National Cohesion and Integration Commission (NCIC) Chairman Francis Ole Kaparo
Students who have completed secondary school are more likely to accept people from other ethnic communities than university graduates, it has emerged.
Top public university management teams were shocked to learn that tolerance levels of students who pass through their institutions are very low – at only 11 per cent.
According to the National Cohesion and Integration Commission (NCIC), this is only three per cent higher than tolerance levels of persons who did not attend primary school at all.
Commission chairman Francis ole Kaparo said secondary school tolerance levels are higher but still too little.
Mr Kaparo said those who went through secondary school but did not finish have tolerance levels of 14 per cent, while those who finished registered 34 per cent.
“This is still very low because 34 per cent is still below 50 per cent. And this means that a lot of work still needs to be done across all education levels,” he said.
He said those who go through university and fail to finish have higher tolerance levels – 14 per cent– compared to graduates.
“The universities must know that there is something they are not doing right because everyone expects that the exposure that comes with university education should make one more tolerant,” said Kaparo.
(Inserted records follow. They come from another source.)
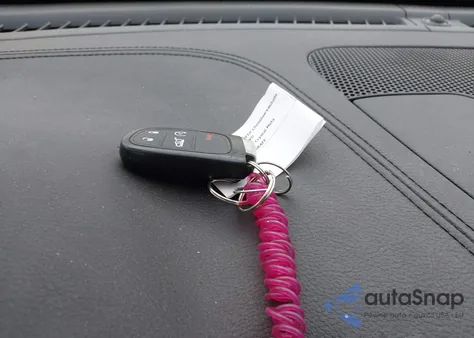 2019 Jeep Cherokee Latitude Plus 4X4 z USA, uszkodzony, nr VIN 1C4PJMLN1KD142394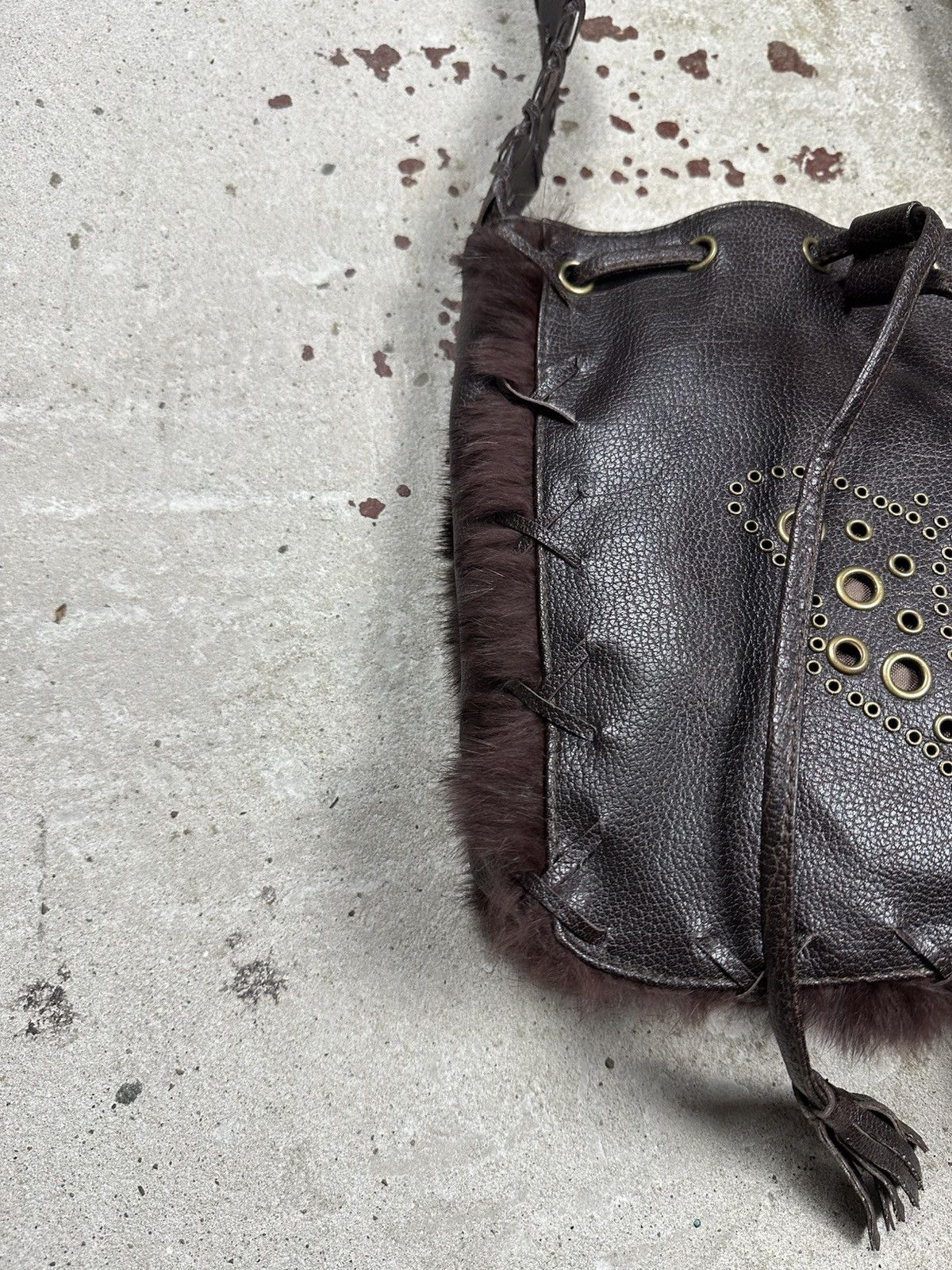 Japanese Brand Vintage Y2K Brown Butterfly Faux Fur Avant Garde Bag Size ONE SIZE - 3 Thumbnail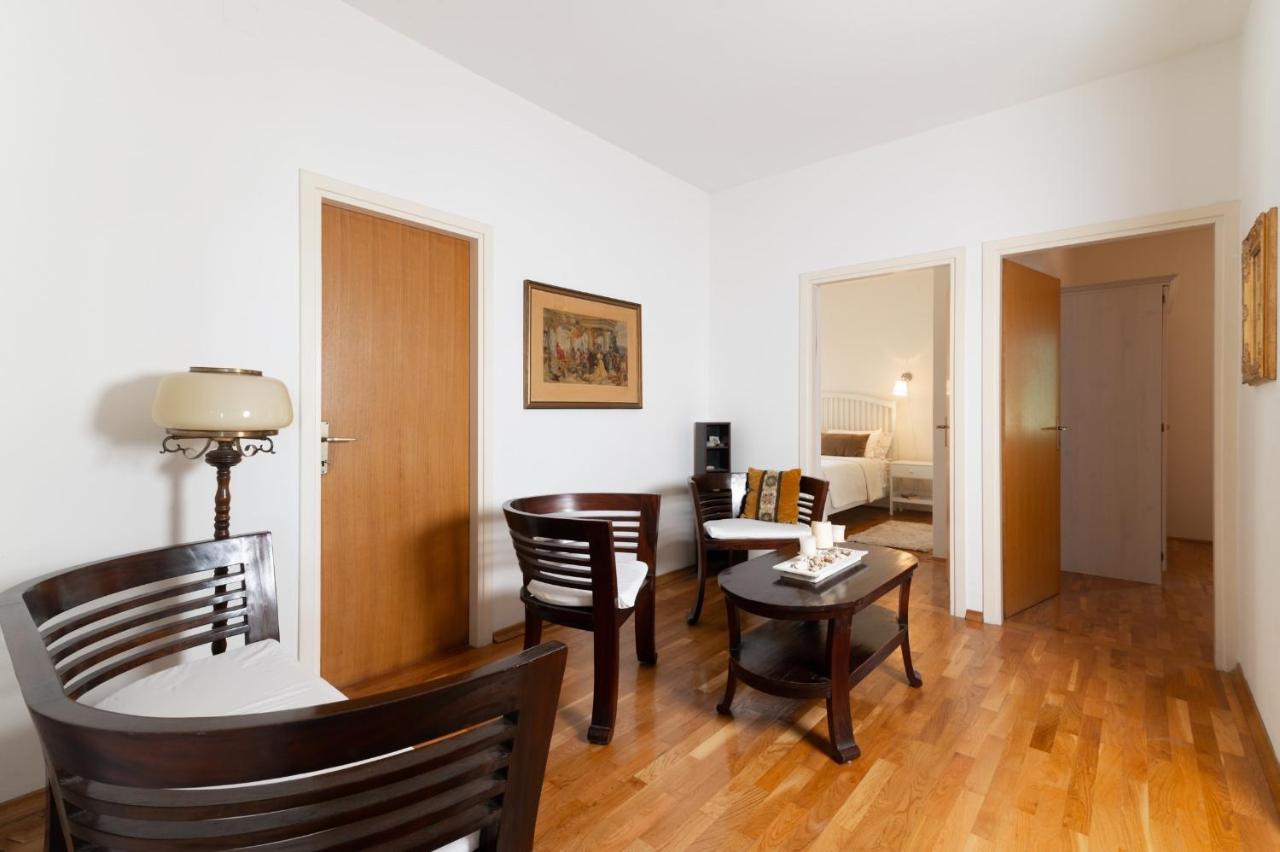 Apartments Rozelyn أوغليان المظهر الخارجي الصورة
Making a presentation to a meeting of public university vice chancellors, chancellors and councils yesterday, Kaparo said it was shocking that every university had ethnic groups and clubs.
“Why can’t they convert those clubs into district/sub-county or county clubs where more than one community is represented?” said Kaparo.
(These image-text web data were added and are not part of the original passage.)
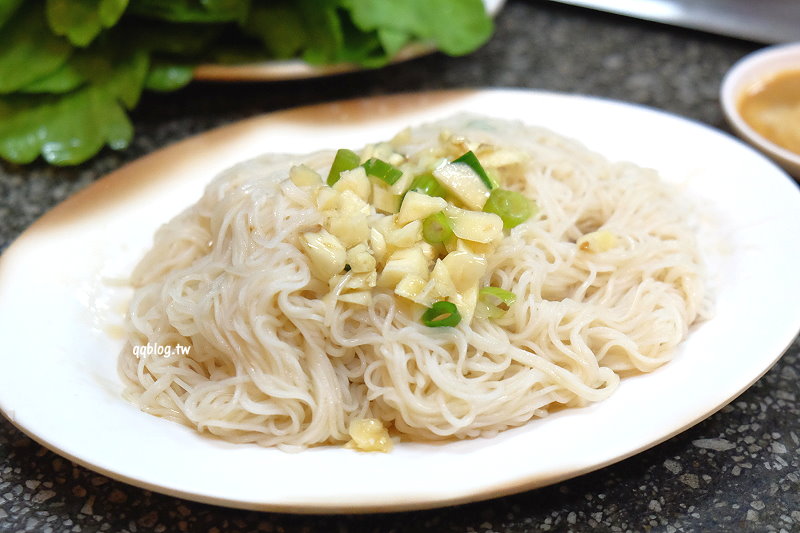 台中西區︱石桌羊排爐．以羊排為主的羊肉爐，羊肉軟嫩、湯頭溫順好喝，滿滿的一鍋暖身又暖心，近民權派出所 @QQ的懶骨頭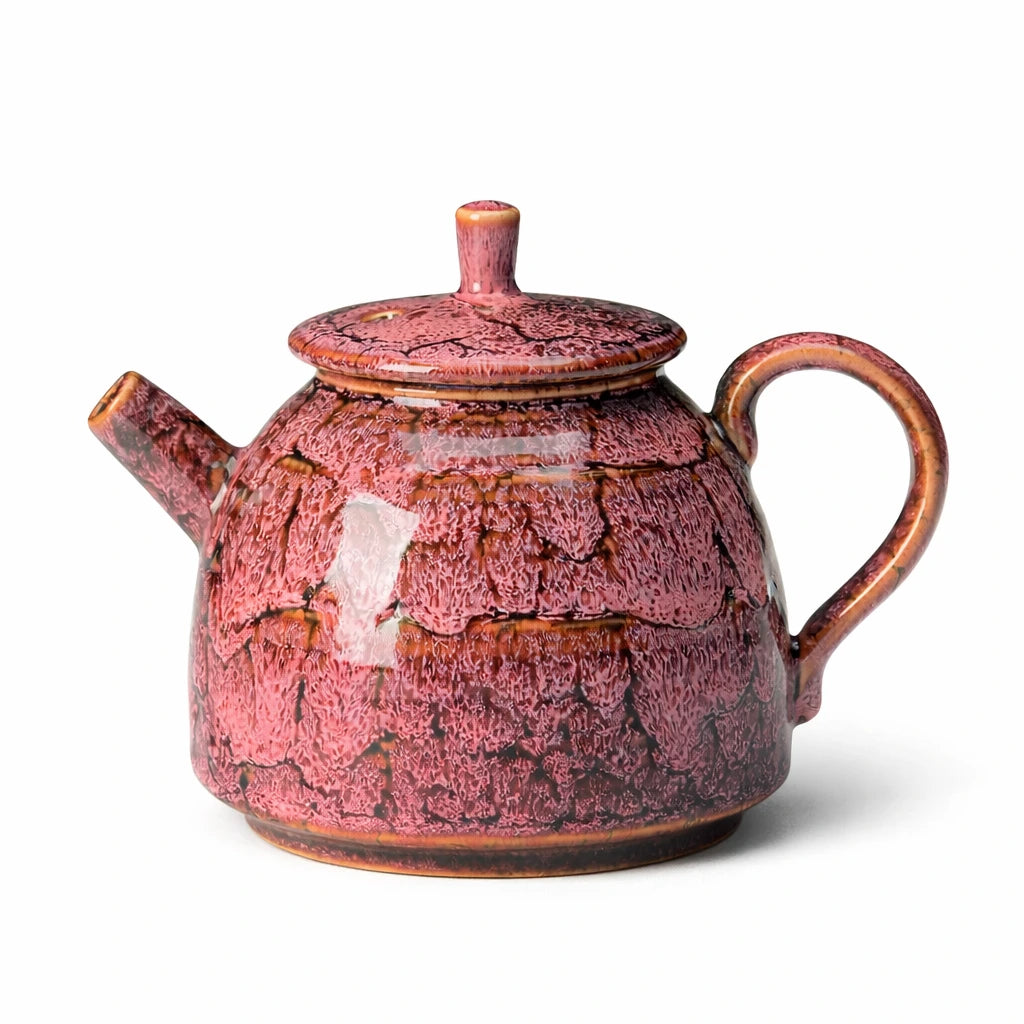 Théière en Céramique rose sur fond blanc 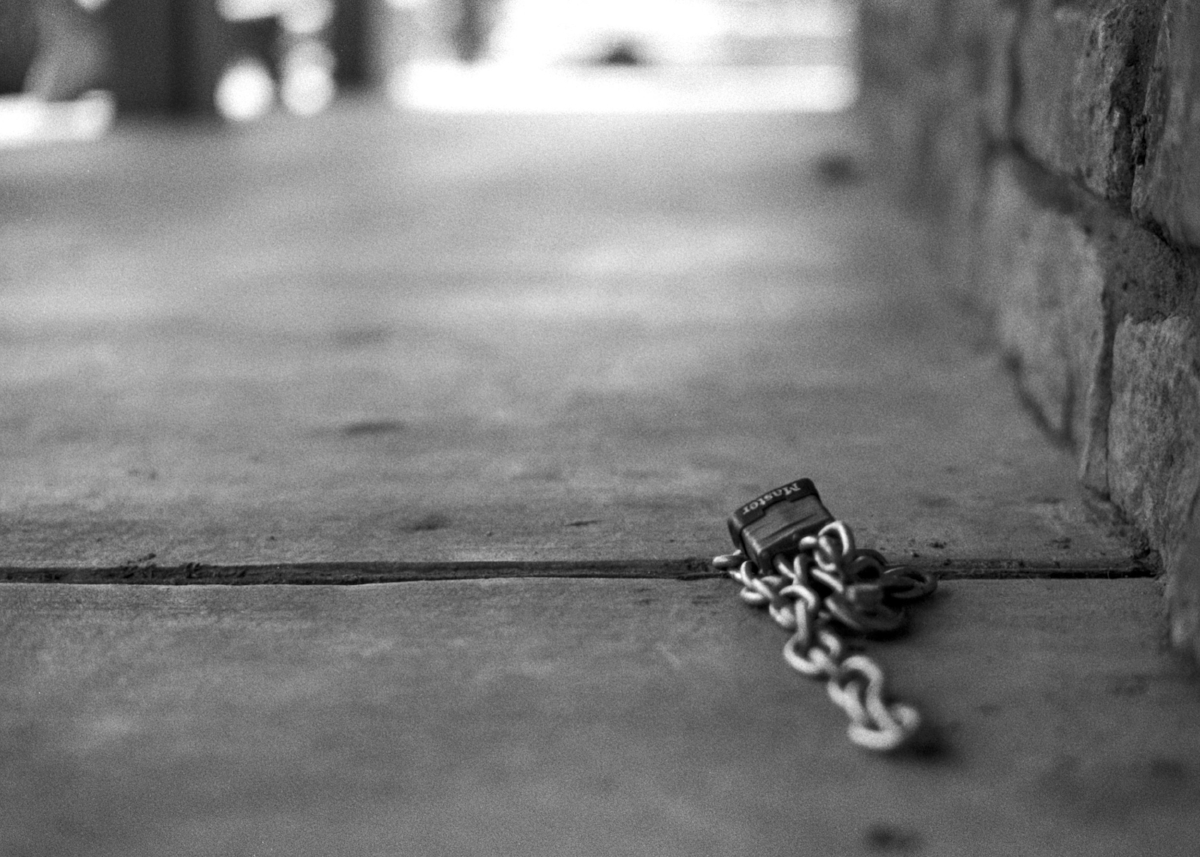 Locked - Voigtlander Bessa R - Tri-X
The NCIC data seen by The Standard also shows those who never went to school have the least tolerance levels towards persons from other communities.
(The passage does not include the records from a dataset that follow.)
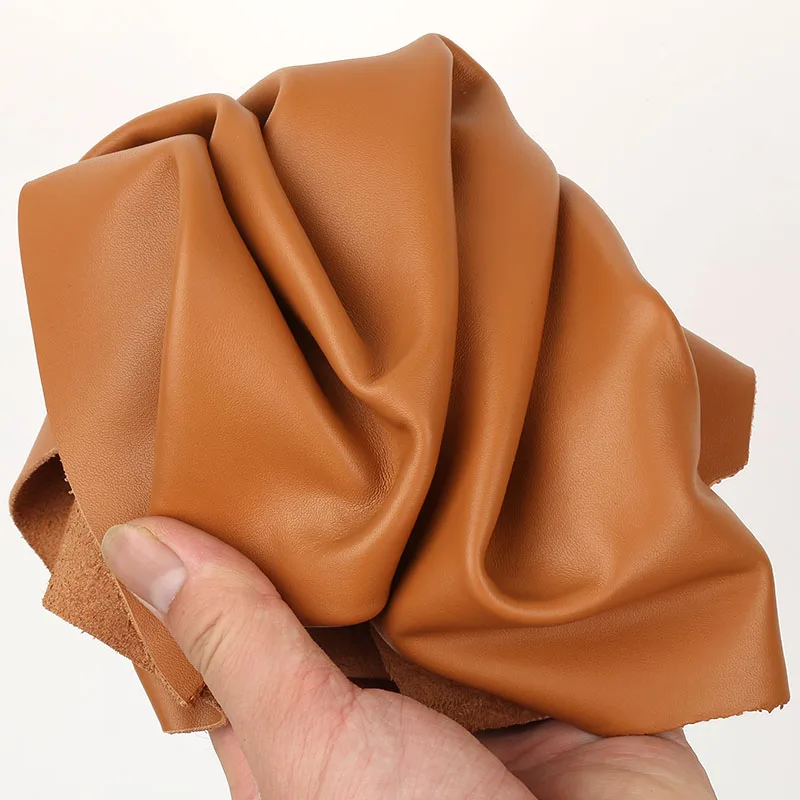 카키색 1mm 암소 피부  가죽 Leathercraft 소파 부드러운 가방 자동차 좌석 수리 헤드 레이어 미세 곡물 쇠가죽 채찍으로 치다 가죽 패브릭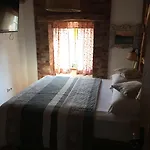 老布莱德之家酒店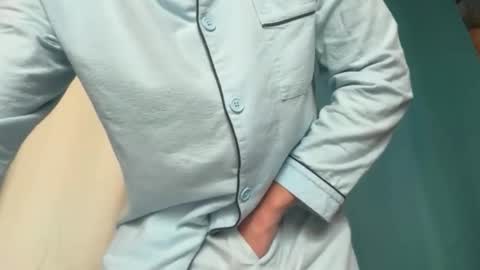 lovecoquin online show from 10/30/25, 02:29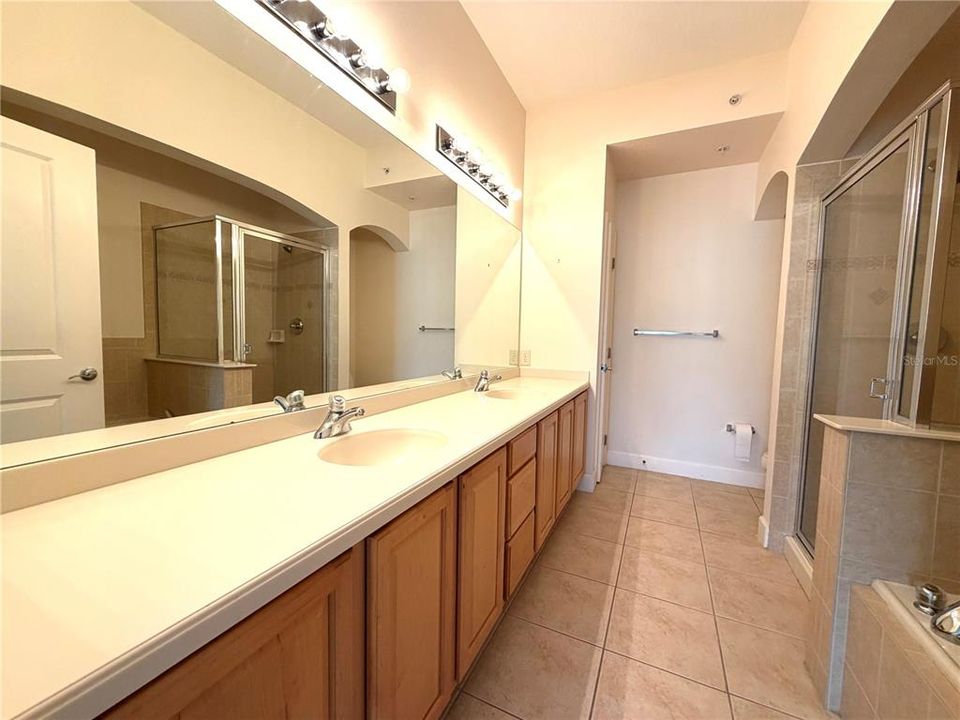 En Renta: $3,250 (3 camas, 2 baños, 1721 Pies cuadrados)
It says Kenyans who never went to school at all have a tolerance level of seven per cent.
Those who went to primary school but never completed their education have the same tolerance level.
This means that those who have not gone to primary education and those who failed to finish find it difficult to accept persons from other ethnic communities.
Kaparo said high levels of unemployment, especially among the youth, longstanding land and boundaries disputes, perceived marginalisation and poor resource distribution were major causes of social instability.